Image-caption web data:
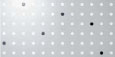 Керамическая плитка Dots Grigio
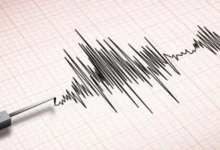  زلزال بقوة 5.5 درجات يهز إثيوبيا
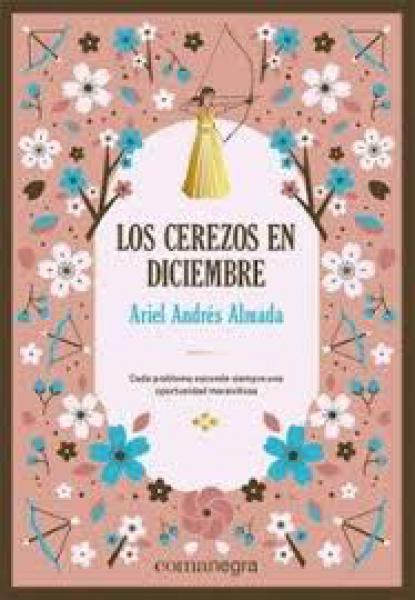 LOS CEREZOS EN DICIEMBRE
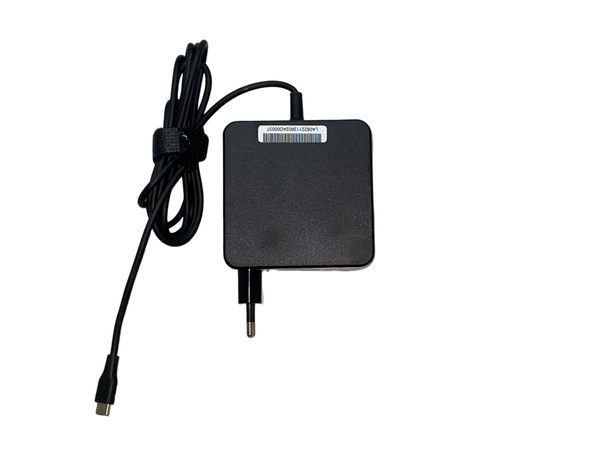 Блок питания ET DC-87USB-C Black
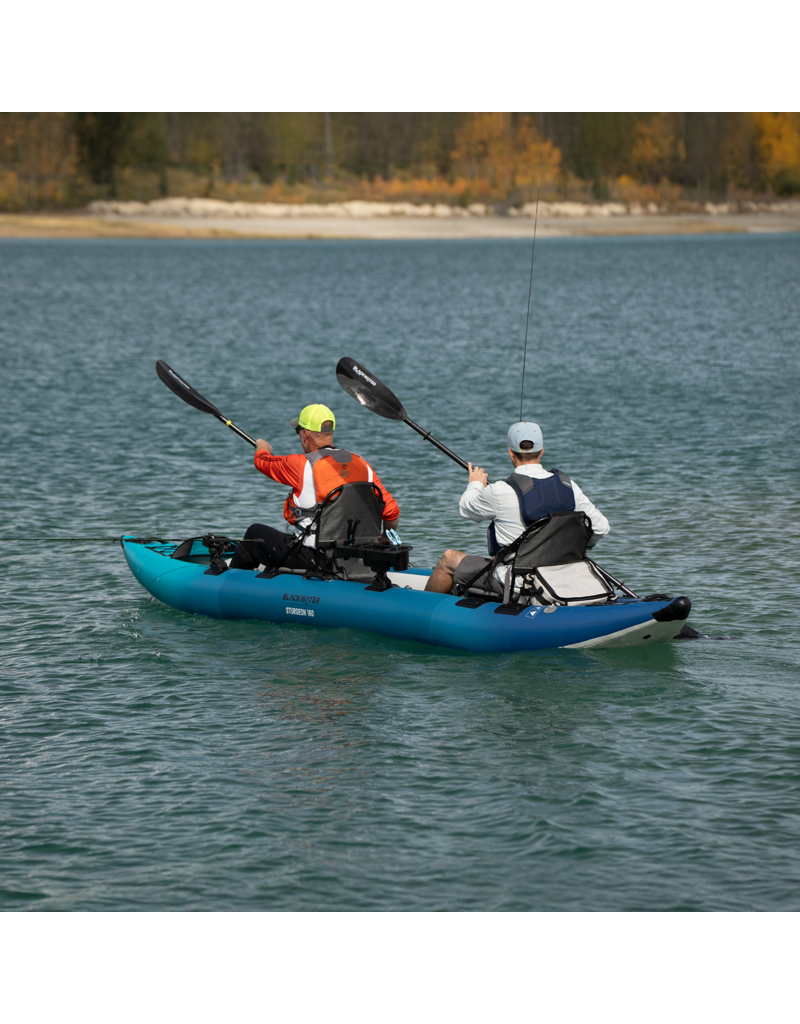 Blackwater Blackwater Sturgeon 160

WHAT IS BEING ASKED: Word for word, give again the lines from the line with "LOS CEREZOS EN DICIEMBRE" through the end of the records above, with both ends included and the pictures left out.

SOLVED PROBLEM:
 LOS CEREZOS EN DICIEMBRE
 Блок питания ET DC-87USB-C Black
 Blackwater Blackwater Sturgeon 160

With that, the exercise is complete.